He's dead right to question adding Newsvine, because this is a news site and the bulk of seeders have an interest in news. We have an advertising report button to deal with spam. digg has a less discriminating bunch of active posters, who will happily post any old garbage, so a spammy site may slip through before being modded out of existence by everyone else. Neither option sounds like a useful way of promoting a dubious site or even one of limited news appeal.
- 2 votes
I know I am going to set some of you off but I have to say I am not convinced all of this blogging is necessary or effective or even needed. What happens when every person on the Internet has his/her own blog? Babble? Quagmire? Traffic jam?

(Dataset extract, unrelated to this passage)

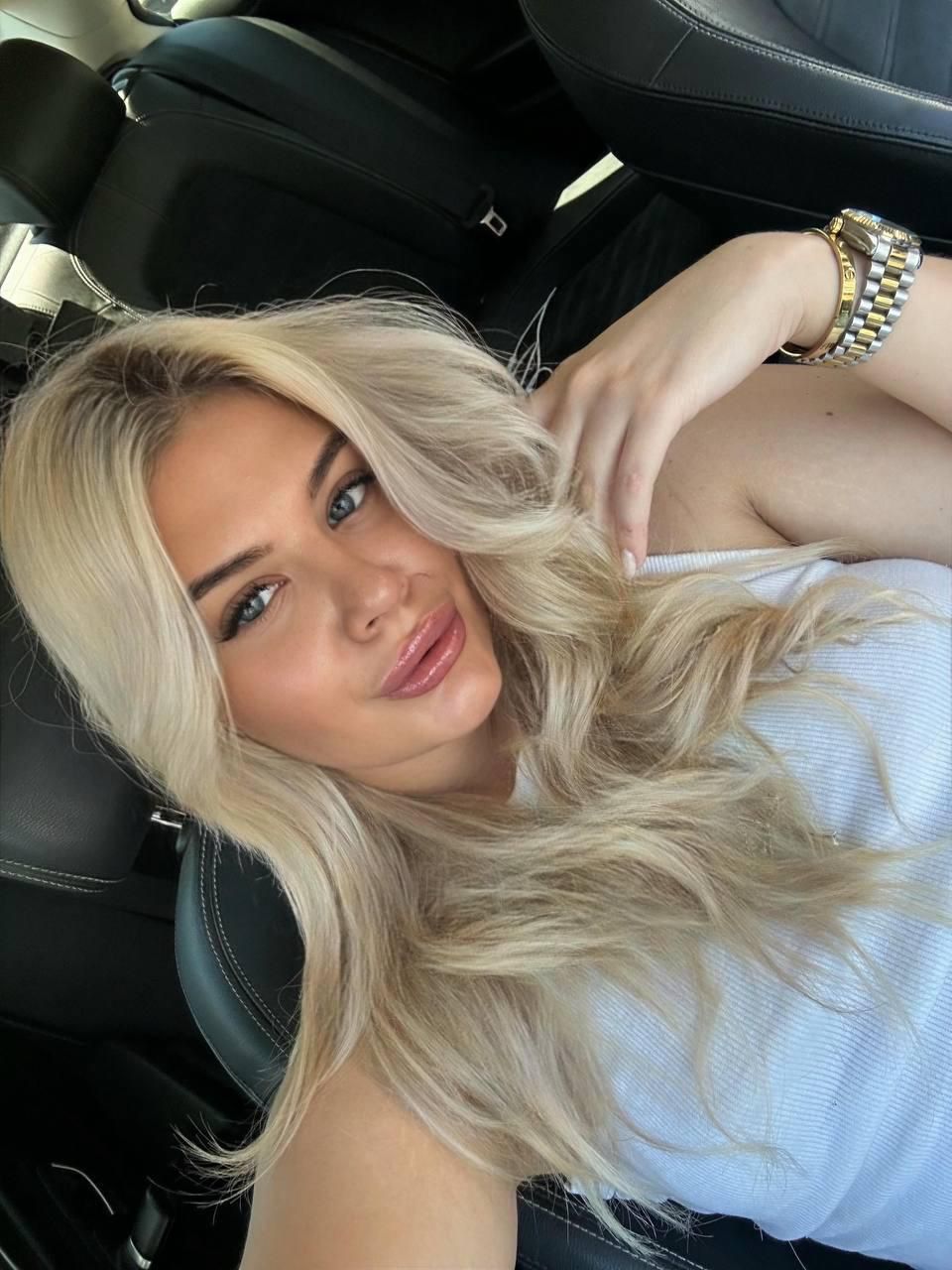 סוניה בחורה תיירת – בתל אביב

The technology behind blogs I see being useful. Although I can't for the life of me understand the great craving for tags, I will concede they may have their place if used intelligently and in some systematic way. The idea of being able to write, edit, distribute and archive your own material is wonderful. Beyond all this I don't get blogs.
Newsvine, I guess, is a blog, or a group of blogs or whatever. BUT Newsvine provides a structure that we use to great advantage to get our individual messages out. We get much more coverage through Newsvine than we could hope to realize in our individual blogs. Newsvine gives us a managed base that we do not have to worry about while we do our creative writing thing. Sure, it is nice to be able to say "I did it all, and I did it my way." That doesn't get the word out. We are so much more effective when we work in groups than by ourselves.
In this light, I continue to urge Newsvine to make their structure available to groups which would work independently on their own desk at Newsvine.
- 2 votes
I agree oldfogey and I'm glad to see your view of the tags. Maybe that's my bias as one who tags seldom and poorly.
- 3 votes
I guess it depends on how you look at blogs. If you view them as global entities, then they look like nothing but noise. But the vast majority of blogs are created, not to talk to the world at large, but to communicate with a small group of friends.
Then you get the grey areas where blogging software has been used as a mini CMS for a web site. Technically, it is a blog, but it no longer functions that way.
I have to question the general antipathy towards blogs from many sectors. How is it any different from all those crappy Geocities pages? Some people can throw together a great blog full of interesting articles that appeal to a wide audience, others look like chicken scratchings that only make sense to a couple of people, then there's the horror of MySpace. It's just different technology that makes it easier for the average, non-technical person to update their site regularly.
So, it's not a new type of site, just a new technology.